● **DATA FOR THIS EXERCISE**:
######

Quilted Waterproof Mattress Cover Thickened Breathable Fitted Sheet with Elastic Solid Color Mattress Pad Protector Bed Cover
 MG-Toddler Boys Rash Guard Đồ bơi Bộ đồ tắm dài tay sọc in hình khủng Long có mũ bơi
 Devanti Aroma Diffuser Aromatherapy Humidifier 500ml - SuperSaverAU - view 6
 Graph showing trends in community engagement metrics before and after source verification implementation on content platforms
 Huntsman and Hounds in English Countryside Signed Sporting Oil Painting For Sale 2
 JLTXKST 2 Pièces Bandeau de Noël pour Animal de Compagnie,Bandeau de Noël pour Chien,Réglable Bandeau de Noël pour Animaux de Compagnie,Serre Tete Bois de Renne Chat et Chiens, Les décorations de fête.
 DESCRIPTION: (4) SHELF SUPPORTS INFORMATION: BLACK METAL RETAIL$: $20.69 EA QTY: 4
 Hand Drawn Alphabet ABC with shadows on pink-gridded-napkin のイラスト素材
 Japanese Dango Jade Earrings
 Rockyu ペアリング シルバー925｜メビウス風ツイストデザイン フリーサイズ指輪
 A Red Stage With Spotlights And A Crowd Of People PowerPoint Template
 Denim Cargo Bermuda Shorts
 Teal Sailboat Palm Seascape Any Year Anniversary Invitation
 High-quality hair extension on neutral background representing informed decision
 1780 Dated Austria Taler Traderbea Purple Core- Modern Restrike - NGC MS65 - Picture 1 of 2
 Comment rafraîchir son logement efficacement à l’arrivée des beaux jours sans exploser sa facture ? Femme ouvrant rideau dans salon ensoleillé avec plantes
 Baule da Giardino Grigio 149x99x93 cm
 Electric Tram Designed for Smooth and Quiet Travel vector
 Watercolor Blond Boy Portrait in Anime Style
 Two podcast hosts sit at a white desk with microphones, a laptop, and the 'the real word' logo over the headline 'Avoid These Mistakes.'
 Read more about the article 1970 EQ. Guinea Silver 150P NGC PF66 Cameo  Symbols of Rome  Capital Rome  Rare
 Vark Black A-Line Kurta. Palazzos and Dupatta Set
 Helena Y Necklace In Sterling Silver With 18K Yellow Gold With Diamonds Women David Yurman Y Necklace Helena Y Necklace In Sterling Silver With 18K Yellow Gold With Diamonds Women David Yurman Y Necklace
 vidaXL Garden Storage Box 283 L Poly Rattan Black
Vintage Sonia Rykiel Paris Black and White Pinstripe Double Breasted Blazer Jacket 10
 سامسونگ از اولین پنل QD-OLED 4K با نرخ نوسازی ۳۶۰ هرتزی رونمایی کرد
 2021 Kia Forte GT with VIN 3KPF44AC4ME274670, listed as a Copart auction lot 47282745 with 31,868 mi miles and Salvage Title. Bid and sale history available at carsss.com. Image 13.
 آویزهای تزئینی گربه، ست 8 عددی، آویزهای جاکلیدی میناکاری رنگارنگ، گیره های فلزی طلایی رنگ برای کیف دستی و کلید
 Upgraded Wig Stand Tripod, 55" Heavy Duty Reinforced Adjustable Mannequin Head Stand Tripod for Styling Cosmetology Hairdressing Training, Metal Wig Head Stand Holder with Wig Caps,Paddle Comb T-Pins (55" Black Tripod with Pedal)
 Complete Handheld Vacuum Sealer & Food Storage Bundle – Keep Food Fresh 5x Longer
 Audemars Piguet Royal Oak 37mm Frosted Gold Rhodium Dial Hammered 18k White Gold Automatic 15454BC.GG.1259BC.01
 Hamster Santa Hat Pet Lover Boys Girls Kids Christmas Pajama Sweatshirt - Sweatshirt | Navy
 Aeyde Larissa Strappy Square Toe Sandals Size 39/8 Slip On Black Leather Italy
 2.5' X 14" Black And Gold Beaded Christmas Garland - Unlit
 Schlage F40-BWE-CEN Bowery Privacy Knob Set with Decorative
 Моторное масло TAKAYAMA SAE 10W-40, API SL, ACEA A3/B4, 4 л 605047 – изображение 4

######

● **YOUR TASK**: Repeat exactly the lines of the listing above, from the one with "Watercolor Blond Boy Portrait in Anime Style" down to the one with "Vark Black A-Line"; both of those lines belong in the range.

● **EXPECTED ANSWER**:
 Watercolor Blond Boy Portrait in Anime Style
 Two podcast hosts sit at a white desk with microphones, a laptop, and the 'the real word' logo over the headline 'Avoid These Mistakes.'
 Read more about the article 1970 EQ. Guinea Silver 150P NGC PF66 Cameo  Symbols of Rome  Capital Rome  Rare
 Vark Black A-Line Kurta. Palazzos and Dupatta Set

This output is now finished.